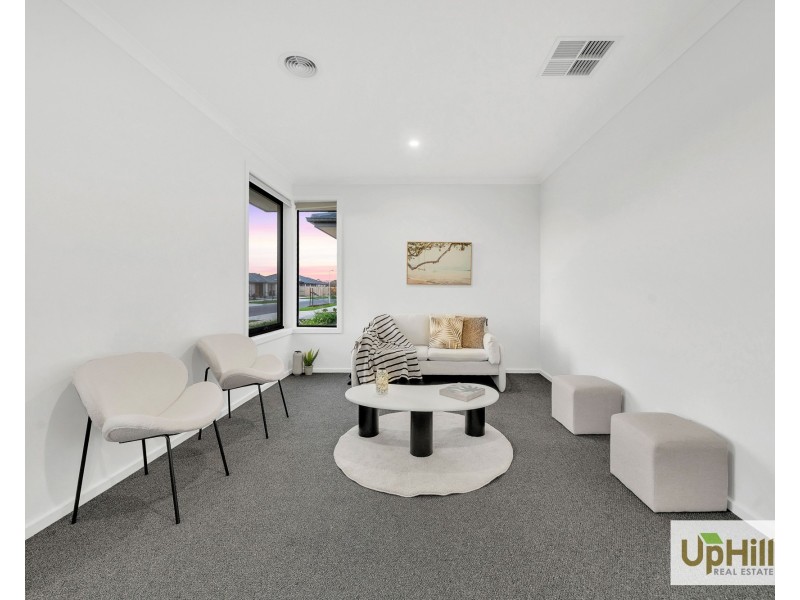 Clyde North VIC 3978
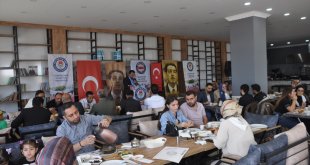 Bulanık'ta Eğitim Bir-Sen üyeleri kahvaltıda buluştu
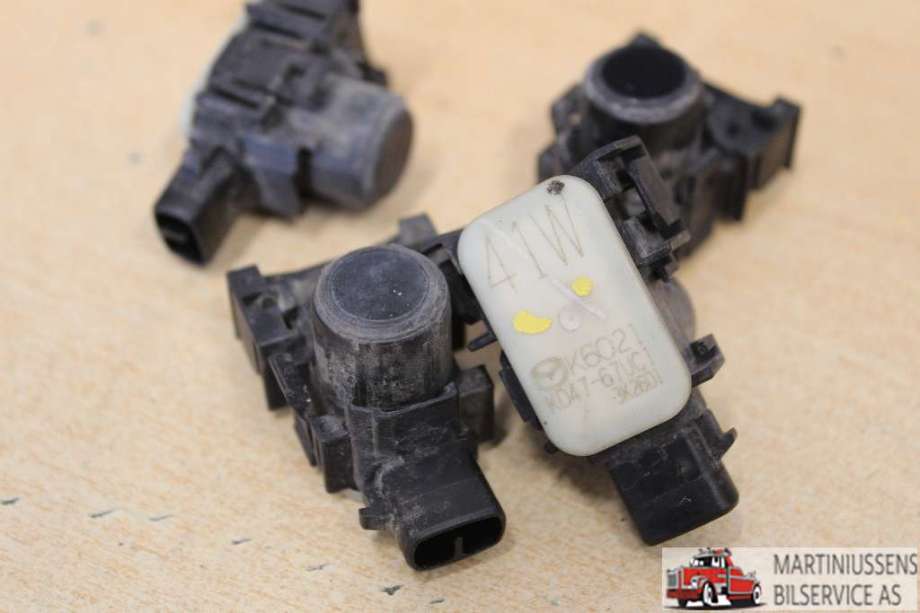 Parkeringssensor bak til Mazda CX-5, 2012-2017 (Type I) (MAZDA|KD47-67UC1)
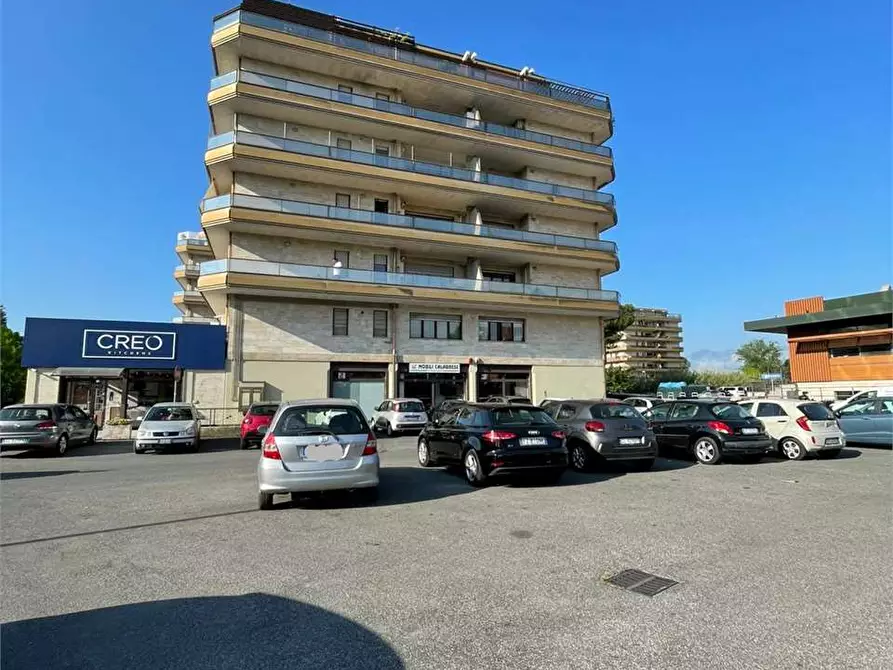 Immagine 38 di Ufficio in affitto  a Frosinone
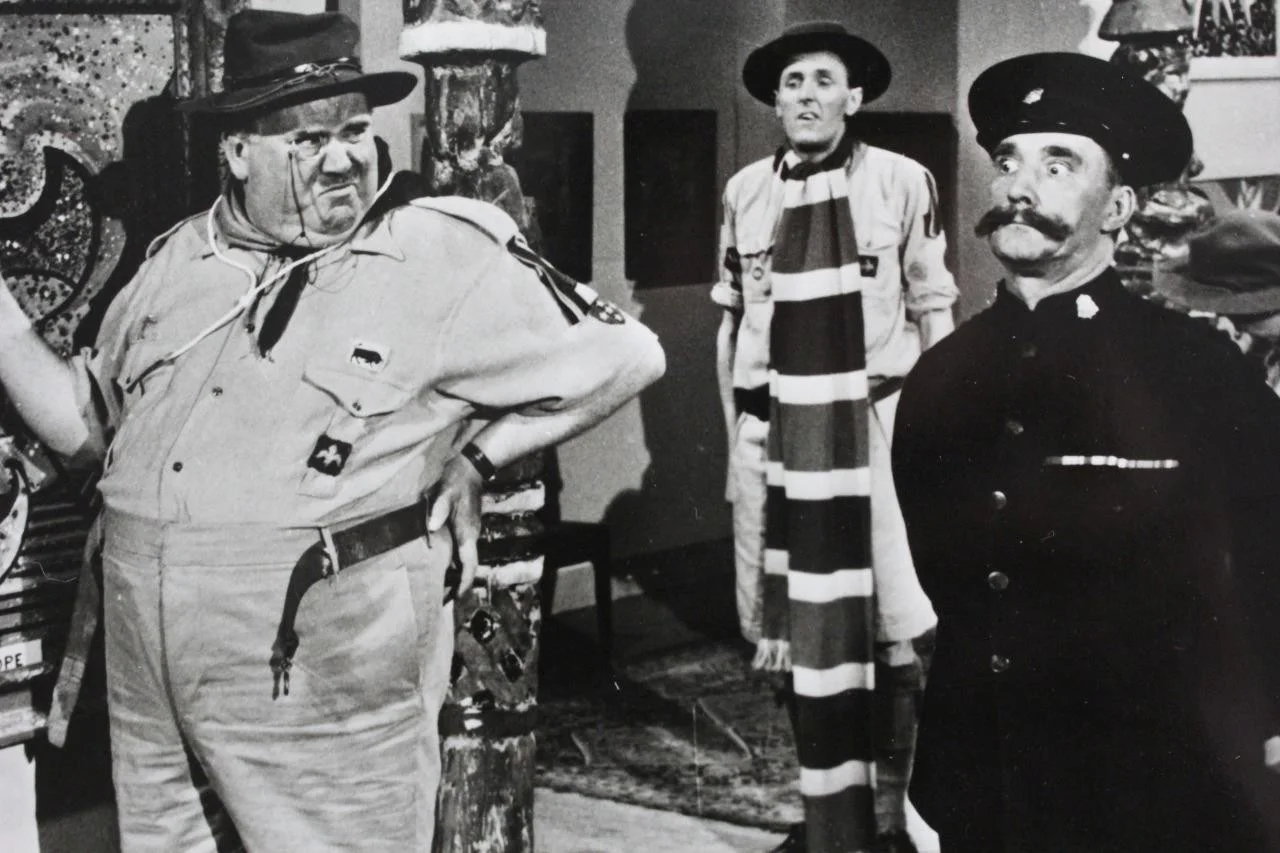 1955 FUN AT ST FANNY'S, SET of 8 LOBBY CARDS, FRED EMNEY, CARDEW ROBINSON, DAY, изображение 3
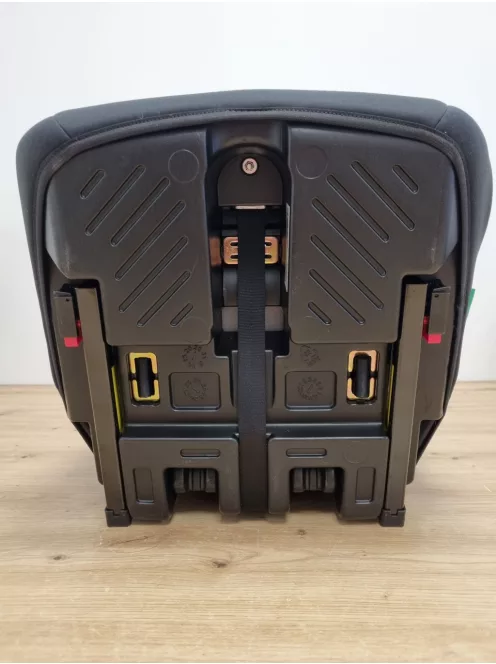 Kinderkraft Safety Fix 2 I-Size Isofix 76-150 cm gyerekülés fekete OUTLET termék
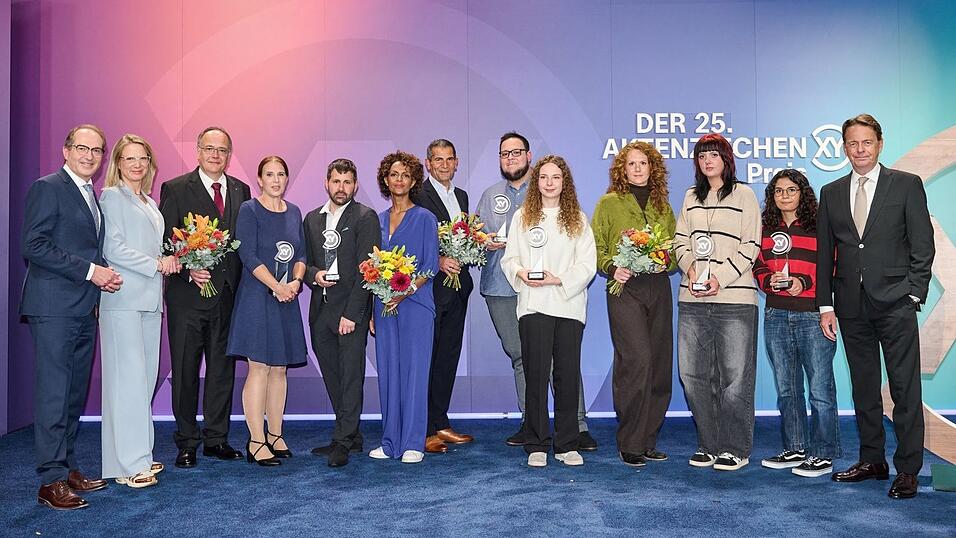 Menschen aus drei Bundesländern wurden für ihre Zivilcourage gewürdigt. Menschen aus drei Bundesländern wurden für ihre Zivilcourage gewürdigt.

·····

_GOAL OF THE EXERCISE_
Exact text is required for the lines from the one with "Parkeringssensor bak til" through the last line of the entries, both included. Omit pictures.

_SOLUTION TO THIS TASK_
 Parkeringssensor bak til Mazda CX-5, 2012-2017 (Type I) (MAZDA|KD47-67UC1)
 Immagine 38 di Ufficio in affitto  a Frosinone
 1955 FUN AT ST FANNY'S, SET of 8 LOBBY CARDS, FRED EMNEY, CARDEW ROBINSON, DAY, изображение 3
 Kinderkraft Safety Fix 2 I-Size Isofix 76-150 cm gyerekülés fekete OUTLET termék
 Menschen aus drei Bundesländern wurden für ihre Zivilcourage gewürdigt. Menschen aus drei Bundesländern wurden für ihre Zivilcourage gewürdigt.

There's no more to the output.